WHAT IS A HANDS ON REVIEW?
"Hands on reviews" are a journalist's first impressions of a game based on spending some time with it ahead of our full review. In this case, we played 45 of Volta mode at Gamescom 2019. The important thing is we have been able to play with it ourselves and can give you some sense of what it's like to enjoy, even if it's only an embryonic view. For more information, see TechRadar's Reviews Guarantee.
FIFA, and other EA Sports games, have always been one of the biggest sections of gaming. And, while there are some people who criticise sports games for not doing much to innovate, that is changing. Not only are a lot of these games expanding to include story modes and expansive multiplayer options, but they're more approachable than ever before, too.
FIFA 20 is a perfect example of this with its new Volta mode. Essentially a return of FIFA Street – which last saw a release in 2012 – this game mode will not only have a more arcade-y feel, but will also ease new players into FIFA thanks to less stringent rules and regulations.
And, because we haven't played much in the way of sports games – full disclosure – we got a chance to get some hands-on time of the new Volta mode at Gamescom 2019. And, well, it does work to acquaint new players with the series.
Kicking the ball around
When we first sat down in front of FIFA 20, we were a bit apprehensive, as this editor hadn't touched a sports game in more than a decade. We picked up the controller and ran around a bit, controlling a random player. It was a bit embarassing.
However, after a short period of making a mockery of the game, we were directed to the Volta mode, which we were told is perfect for newcomers. And, well, it absolutely is.

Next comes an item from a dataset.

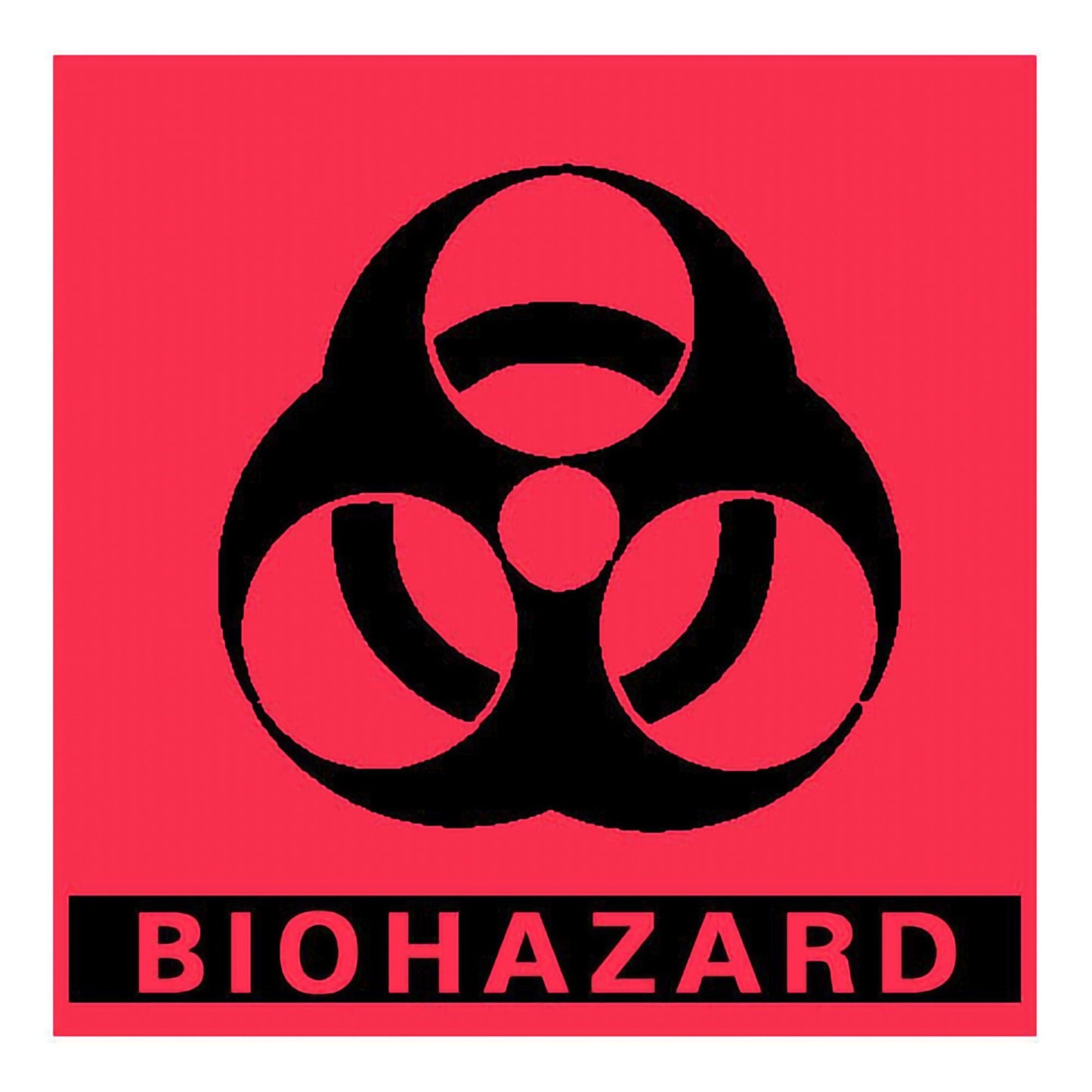 Barkley® Biohazard Warning Label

When we started the story mode in Volta, we initially played a match against some bots that had the difficulty turned all the way up for some reason. Obviously, we didn't score a single goal. After that was over however, it took us into some tutorials that showed us how the game was played – seems we were meant to lose, or were at least not expected to win.

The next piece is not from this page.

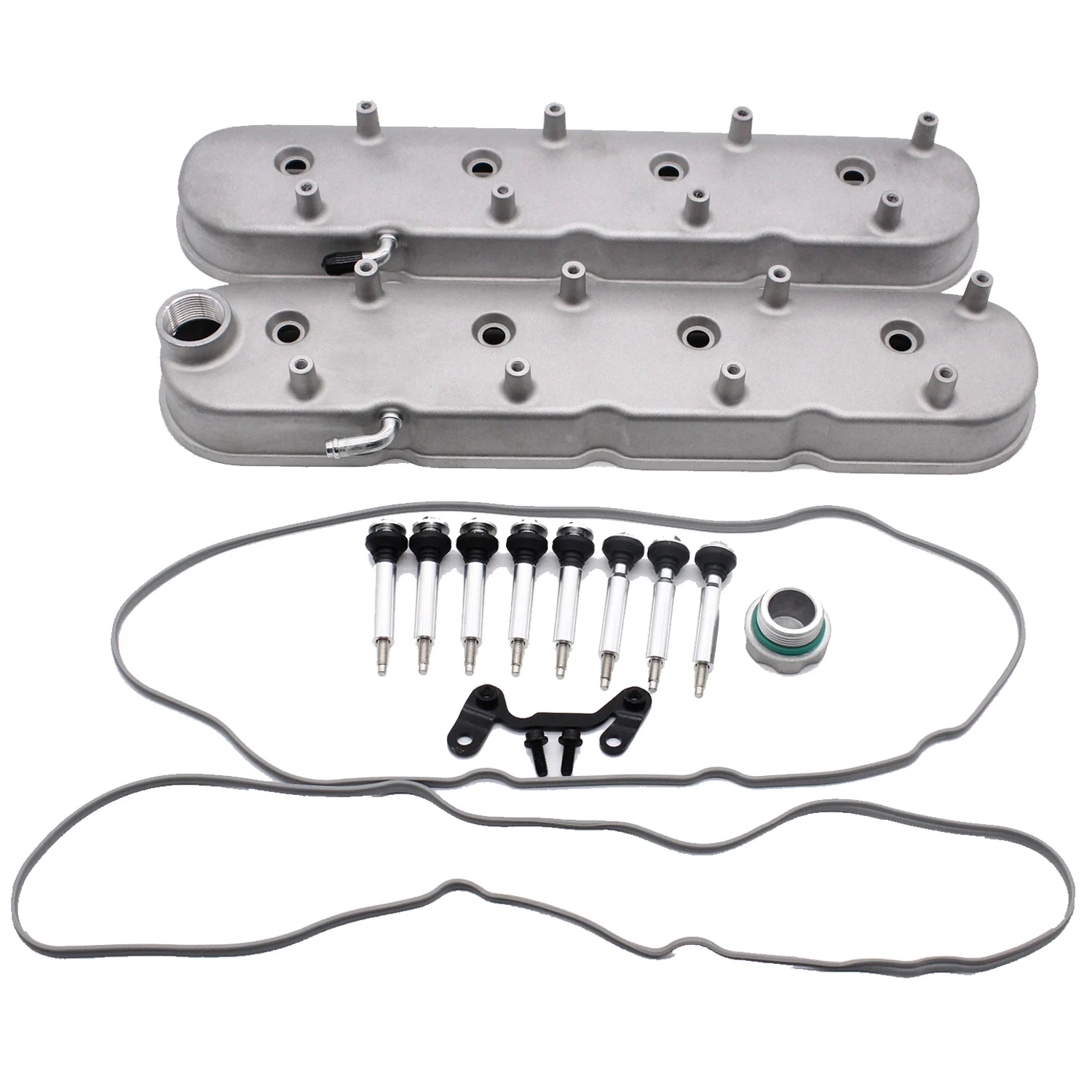 2 stücke Neue Aluminium Glanz Rot Hohe LS Ventil Abdeckungen Für Chevy LS1 LS2 LS3 LS6 Auto Teile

After some extensive training, we went into another match against AI opponents, this time on a much lower difficulty setting, and were able to easily win. And, because Volta is the street variant of FIFA, the game was played on a small field with walls, with teams of four – rather than a regulation-sized field with a full 11 player team.
It seems like Volta will not only be the place for new players to grow into the game, but also where to find some narrative. However, Volta won't be the only place you can find some single-player action in the game.
Building a career
Now, we didn't get hands-on time with the new career mode, but we were able to sit and talk about the changes that are coming to the most popular mode in FIFA.
In FIFA 20, there's going to be more of a focus on your role of a team manager. Throughout your career, your skill as a manager will be reflected in the morale of your players, and they'll either grow or deteriorate with your performance.
For instance, you will have to participate in press conferences, where you'll have to answer questions about your team and players. Your answers to these questions, and your performance in these press conferences will affect the morale of your players, which will in turn affect how their stats grow throughout your career.
For all intents and purposes, FIFA 20 seems like so much more than 'just another FIFA game'. The updated roster is there, but you're also getting a robust and separate campaign in FIFA 20 Volta, and a more robust career mode. There are definitely people who will buy this game no matter what, but it might be a great entry point if you've been curious about jumping into the football franchise.
However, the inclusion of a story mode likely won't sway you if you're not a huge fan of sports already. But, the fact that it is so welcoming to new players is a great sign, and we're definitely here for it.